The first of these was in developing a greater consistency of resonance between different vowels. The musical aim of this is to produce a more consistent tone quality syllable to syllable, allowing the line to join up into a more integrated perceptual unity. The technical means to achieve this is to minimise the change in shape within the mouth, so that there is a sense of overlap, or common ground between the different sounds: a Venn diagram of resonance if you like. They were already singing without excessive jaw movement, so our attention focused on reducing tongue movement.

(And talk of a placid tongue led inevitably to the consideration of Placid Badgers, and thence Flacid Badgers and Acid Badgers. I don’t really know why I’m sharing their in-jokes with you, but I like think of the look of baffled disdain it will probably put on your face.)

We approached this task via singing without consonants. This is a cognitively challenging task, but very productive. It really allowed us to identify which vowels were popping out of the line (mostly ee), which ones needed to maintain greater tonal focus (mostly schwahs in linguistically and/or rhythmically unaccented places), and where the resonant space as a whole could be enhanced by elevating the soft palate (interestingly, the up-tempo song rather than the ballad).
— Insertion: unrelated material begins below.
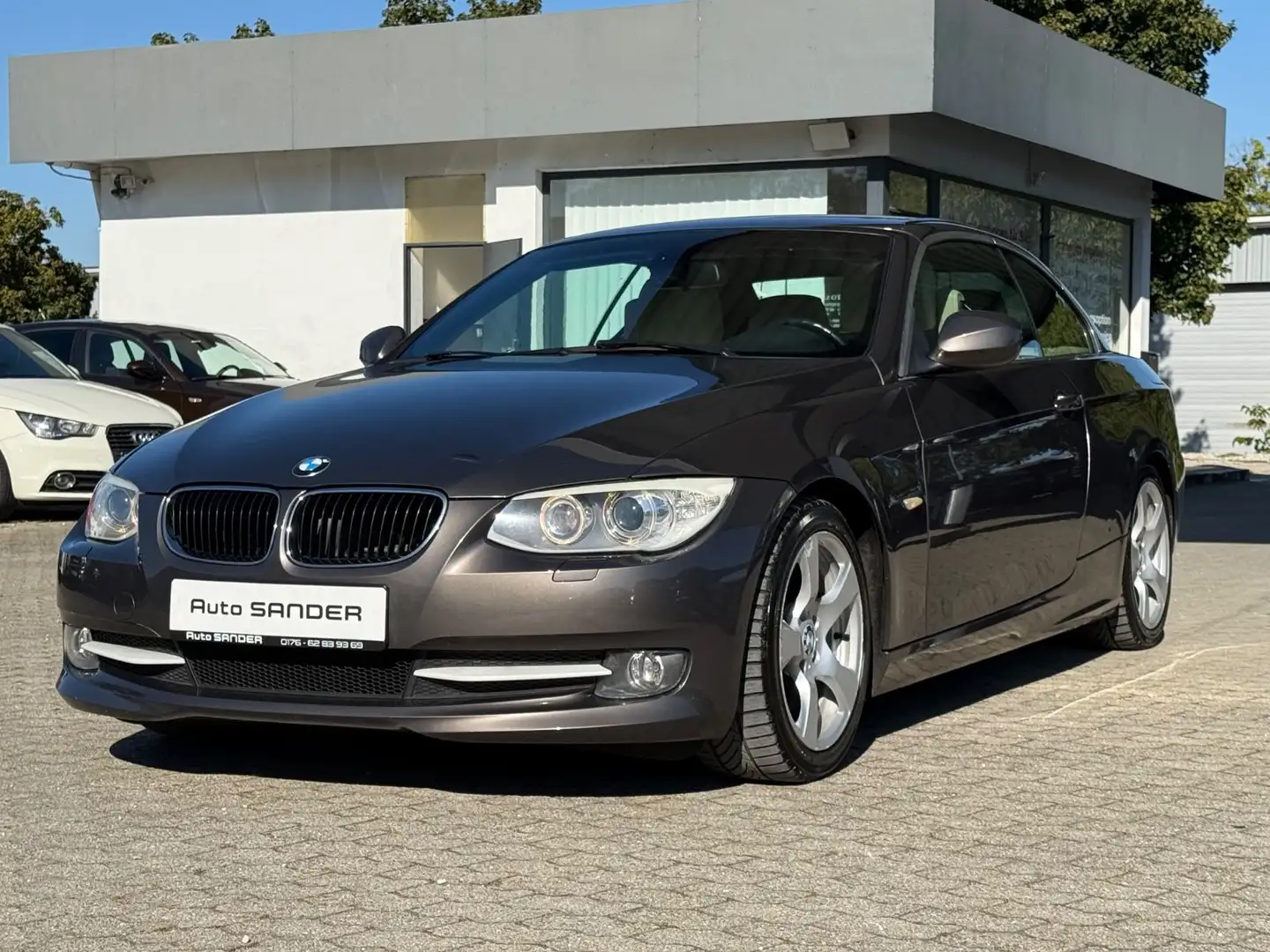 BMW 320 d LEDER H&K MEMORY XENON - 1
For this last one, singing the vowels while holding the nose is a good exercise.

For each song, we spent quite a long time on a relatively short passage of music, digging deep into this technical work. You couldn’t cover a whole song in that depth, but you don’t need to: once you have put in the graft to develop the technical control, you can build upon it in longer passages of music. In quite a lot of what followed the quartet were able to apply the principles of what we’d worked on already, and the few places that needed individual attention for spot-cleaning made themselves readily apparent.
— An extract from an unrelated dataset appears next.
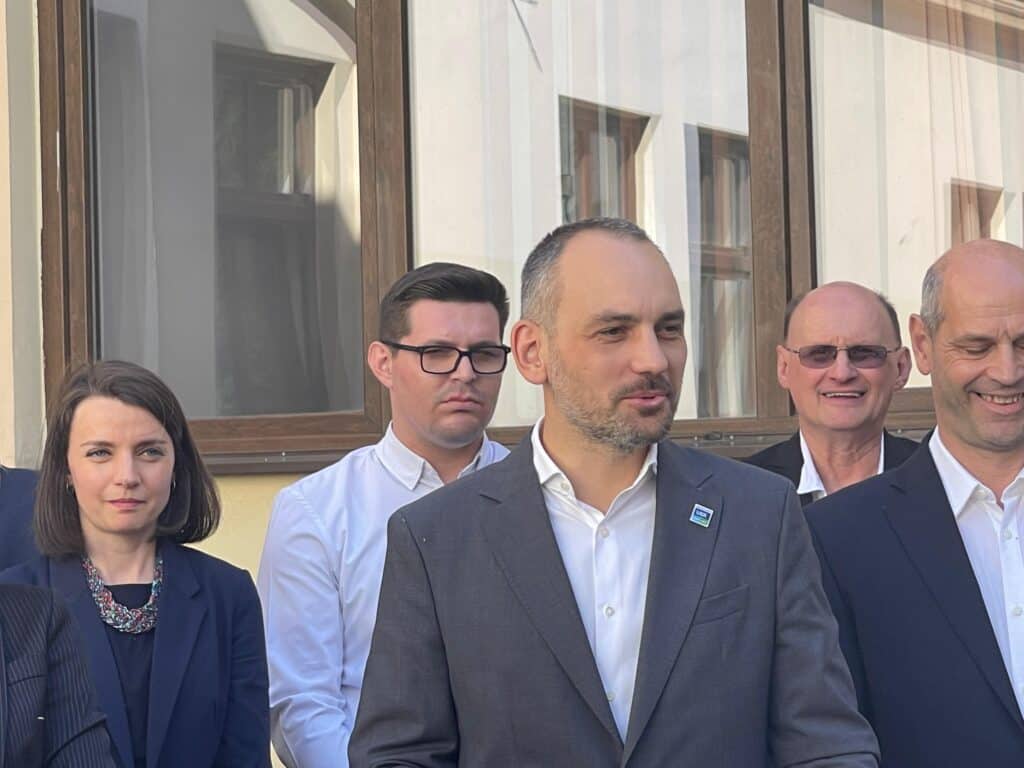 Candidații Alianței Dreapta Unită pentru Primăria Municipiului Sibiu și Consiliul Județean, au depus luni candidaturile oficiale la sediul BEJ (foto video)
Part of Project Flow was also about managing accent and emphasis. It was a more continuously fundamental issue in their up-tune, in which establishing a back-beats at the levels of groove, hypermetre, and phrase structure did a lot of the heavy lifting for us. Delivery of lyric, effectiveness of embellishment and musical line all came better into focus as a result. But it also came up in their ballad, where taking the heat out of the downbeat (especially when articulated by the harmony parts around a rest in the melody) allowed the rest of the phrase to reveal a much more natural arc.

Another of our main themes was to attend to phrase boundaries, being as mindful of the transition from music to silence as of that from silence to music. This again was a transferable concept that, once established, could be applied to every breath point. It was interesting how in some contexts this cross-application was more readily achieved than others. When first working on it, one tends to attribute this to intermittent control of the skill and/or intermittent attention given to something still operating at the level of conscious competence. But when a spot resists improvement over two or three tries, it is time to stop and analyse what the obstacle is. This process invariably generates more insight into how the music is shaped at these moments.
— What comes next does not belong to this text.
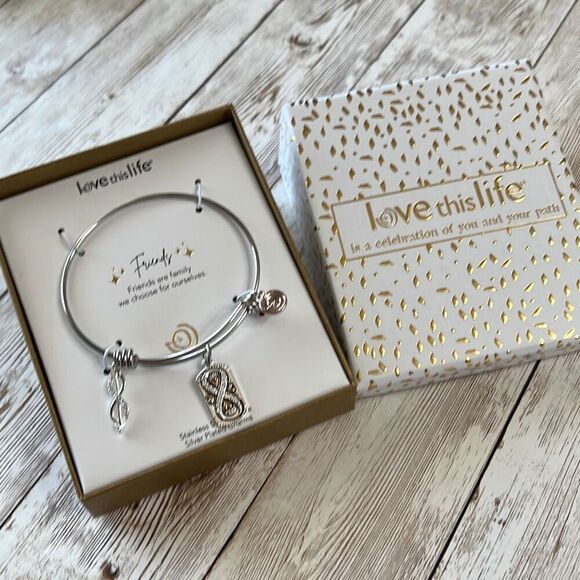 Friends Are Family We Choose Infinity Bracelet Silver Plated Charms NIB NWT Gift - Picture 10 of 10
One of the things that is rewarding about what appears on the face of it to be quite deep technical work is the way that it allows people’s intuitive musicianship to shine. We did some work on specifically musical questions (the work on hierarchical rhythmic structures in particular), but a lot of the improvements in the musical shaping and delivery were effected by the quartet without my input once we'd cleaned up aspects of execution that hat hitherto been hiding them.

Even when we were focused on specific questions of expressive shape and colour, the process was mostly about me asking what was going on in the emotional arc of the song, and – because they had spent a lot more time thinking about it than I had – eliciting nuanced and insightful analyses. All I had to do then was to invite them to think about that and trust that their voices would reflect their understanding.